### AIM OF THE TASK
Copy every line of the entries that includes the word "plaza".
:: DATA UNDER STUDY ::
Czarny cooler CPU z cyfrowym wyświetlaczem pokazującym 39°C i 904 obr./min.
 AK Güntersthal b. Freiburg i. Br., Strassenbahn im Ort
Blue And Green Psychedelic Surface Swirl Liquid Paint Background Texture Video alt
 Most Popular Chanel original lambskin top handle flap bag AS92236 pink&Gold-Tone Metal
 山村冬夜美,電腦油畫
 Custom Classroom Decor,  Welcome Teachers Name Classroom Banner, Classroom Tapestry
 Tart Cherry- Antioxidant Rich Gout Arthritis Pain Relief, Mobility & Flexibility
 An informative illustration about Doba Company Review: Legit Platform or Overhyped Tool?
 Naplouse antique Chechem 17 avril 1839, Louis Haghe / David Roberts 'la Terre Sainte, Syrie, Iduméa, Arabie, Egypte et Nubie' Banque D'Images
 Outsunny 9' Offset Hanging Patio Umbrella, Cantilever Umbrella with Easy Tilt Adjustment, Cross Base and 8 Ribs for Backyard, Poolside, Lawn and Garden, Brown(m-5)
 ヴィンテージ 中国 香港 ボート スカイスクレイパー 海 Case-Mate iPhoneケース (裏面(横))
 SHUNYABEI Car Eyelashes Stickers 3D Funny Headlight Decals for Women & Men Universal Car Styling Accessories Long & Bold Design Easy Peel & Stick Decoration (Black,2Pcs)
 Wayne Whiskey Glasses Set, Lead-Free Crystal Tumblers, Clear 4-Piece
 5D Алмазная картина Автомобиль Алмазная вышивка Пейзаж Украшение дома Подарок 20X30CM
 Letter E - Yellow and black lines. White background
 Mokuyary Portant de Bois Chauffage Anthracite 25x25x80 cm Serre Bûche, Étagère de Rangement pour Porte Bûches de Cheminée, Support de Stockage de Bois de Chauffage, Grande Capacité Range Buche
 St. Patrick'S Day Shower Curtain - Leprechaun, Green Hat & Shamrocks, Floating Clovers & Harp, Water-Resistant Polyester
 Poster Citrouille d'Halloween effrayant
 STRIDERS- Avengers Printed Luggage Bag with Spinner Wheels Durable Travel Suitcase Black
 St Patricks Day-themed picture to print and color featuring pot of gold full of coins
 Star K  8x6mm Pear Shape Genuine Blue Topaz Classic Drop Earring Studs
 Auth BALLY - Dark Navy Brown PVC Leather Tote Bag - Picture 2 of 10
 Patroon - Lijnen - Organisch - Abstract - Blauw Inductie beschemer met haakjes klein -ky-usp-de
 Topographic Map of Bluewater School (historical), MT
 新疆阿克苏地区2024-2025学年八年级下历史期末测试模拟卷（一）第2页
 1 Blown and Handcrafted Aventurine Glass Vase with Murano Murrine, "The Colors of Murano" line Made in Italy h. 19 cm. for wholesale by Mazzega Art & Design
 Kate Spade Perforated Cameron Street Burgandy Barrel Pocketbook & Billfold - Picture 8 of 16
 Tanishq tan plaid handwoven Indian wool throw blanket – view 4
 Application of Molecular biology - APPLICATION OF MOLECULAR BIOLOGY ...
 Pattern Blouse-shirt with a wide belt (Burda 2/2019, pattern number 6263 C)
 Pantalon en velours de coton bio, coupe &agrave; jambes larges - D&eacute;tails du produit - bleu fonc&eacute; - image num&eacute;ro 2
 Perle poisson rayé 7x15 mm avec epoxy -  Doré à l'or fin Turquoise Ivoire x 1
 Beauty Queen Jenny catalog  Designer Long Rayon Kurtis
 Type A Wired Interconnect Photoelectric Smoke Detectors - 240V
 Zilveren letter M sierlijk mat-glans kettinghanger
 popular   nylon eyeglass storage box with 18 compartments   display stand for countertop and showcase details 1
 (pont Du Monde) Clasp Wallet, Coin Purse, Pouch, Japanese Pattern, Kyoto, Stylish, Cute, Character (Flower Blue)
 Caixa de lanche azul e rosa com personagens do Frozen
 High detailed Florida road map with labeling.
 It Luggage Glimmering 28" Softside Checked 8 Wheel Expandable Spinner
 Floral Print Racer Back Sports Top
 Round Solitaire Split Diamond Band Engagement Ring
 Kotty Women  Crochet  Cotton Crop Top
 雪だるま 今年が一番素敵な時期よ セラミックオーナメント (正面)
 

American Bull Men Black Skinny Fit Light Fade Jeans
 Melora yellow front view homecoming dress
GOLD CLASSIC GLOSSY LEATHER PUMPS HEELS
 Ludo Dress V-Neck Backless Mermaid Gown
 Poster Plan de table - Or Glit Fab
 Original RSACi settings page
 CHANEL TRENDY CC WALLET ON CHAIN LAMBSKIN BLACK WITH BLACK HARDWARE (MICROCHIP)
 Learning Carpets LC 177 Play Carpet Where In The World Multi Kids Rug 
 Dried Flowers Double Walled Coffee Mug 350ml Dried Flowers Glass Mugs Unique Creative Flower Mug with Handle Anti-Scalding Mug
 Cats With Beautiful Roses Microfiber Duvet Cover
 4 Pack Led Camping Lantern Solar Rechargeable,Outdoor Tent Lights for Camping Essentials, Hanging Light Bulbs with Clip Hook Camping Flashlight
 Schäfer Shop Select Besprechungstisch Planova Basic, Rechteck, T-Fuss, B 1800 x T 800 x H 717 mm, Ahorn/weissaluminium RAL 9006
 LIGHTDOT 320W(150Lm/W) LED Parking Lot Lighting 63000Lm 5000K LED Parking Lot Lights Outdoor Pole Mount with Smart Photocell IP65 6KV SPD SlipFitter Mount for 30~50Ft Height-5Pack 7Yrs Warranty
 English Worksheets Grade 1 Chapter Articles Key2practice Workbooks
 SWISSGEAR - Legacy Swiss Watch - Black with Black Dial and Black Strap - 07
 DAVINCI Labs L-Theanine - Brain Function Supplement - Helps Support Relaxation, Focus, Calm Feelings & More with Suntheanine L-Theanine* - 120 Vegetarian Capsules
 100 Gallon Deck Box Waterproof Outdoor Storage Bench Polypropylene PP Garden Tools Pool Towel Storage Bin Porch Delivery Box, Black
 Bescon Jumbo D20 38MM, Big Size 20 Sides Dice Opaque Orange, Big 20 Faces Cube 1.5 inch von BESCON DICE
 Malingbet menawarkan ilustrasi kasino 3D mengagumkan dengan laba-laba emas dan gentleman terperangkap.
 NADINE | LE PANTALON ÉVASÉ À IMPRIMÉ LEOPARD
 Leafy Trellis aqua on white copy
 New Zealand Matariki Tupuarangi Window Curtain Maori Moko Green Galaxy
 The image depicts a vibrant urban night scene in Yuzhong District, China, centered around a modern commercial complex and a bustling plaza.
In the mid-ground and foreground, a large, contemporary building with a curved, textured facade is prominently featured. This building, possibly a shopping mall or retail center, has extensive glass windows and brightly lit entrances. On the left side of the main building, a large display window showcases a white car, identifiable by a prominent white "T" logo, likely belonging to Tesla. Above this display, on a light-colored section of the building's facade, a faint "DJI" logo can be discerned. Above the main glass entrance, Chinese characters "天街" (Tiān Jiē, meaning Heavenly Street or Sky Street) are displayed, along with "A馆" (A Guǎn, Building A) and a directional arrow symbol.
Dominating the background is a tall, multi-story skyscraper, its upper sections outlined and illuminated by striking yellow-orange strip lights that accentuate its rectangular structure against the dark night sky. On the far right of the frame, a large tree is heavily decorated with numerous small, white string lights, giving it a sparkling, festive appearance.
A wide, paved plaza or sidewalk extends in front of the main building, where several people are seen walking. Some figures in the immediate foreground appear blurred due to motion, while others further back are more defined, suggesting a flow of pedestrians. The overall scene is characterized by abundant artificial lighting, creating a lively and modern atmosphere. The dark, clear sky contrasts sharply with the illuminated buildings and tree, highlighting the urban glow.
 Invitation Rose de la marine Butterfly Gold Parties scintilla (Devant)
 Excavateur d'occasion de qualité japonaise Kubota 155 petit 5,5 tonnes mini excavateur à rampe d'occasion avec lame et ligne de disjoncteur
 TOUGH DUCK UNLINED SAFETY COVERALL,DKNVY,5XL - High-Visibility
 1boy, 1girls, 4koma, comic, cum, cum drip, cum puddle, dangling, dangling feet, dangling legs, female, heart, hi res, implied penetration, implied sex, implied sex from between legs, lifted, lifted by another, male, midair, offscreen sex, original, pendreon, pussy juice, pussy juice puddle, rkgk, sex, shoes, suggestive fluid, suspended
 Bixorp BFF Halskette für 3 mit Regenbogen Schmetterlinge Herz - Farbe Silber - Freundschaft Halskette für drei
:::
### RESPONSE
 The image depicts a vibrant urban night scene in Yuzhong District, China, centered around a modern commercial complex and a bustling plaza.
A wide, paved plaza or sidewalk extends in front of the main building, where several people are seen walking. Some figures in the immediate foreground appear blurred due to motion, while others further back are more defined, suggesting a flow of pedestrians. The overall scene is characterized by abundant artificial lighting, creating a lively and modern atmosphere. The dark, clear sky contrasts sharply with the illuminated buildings and tree, highlighting the urban glow.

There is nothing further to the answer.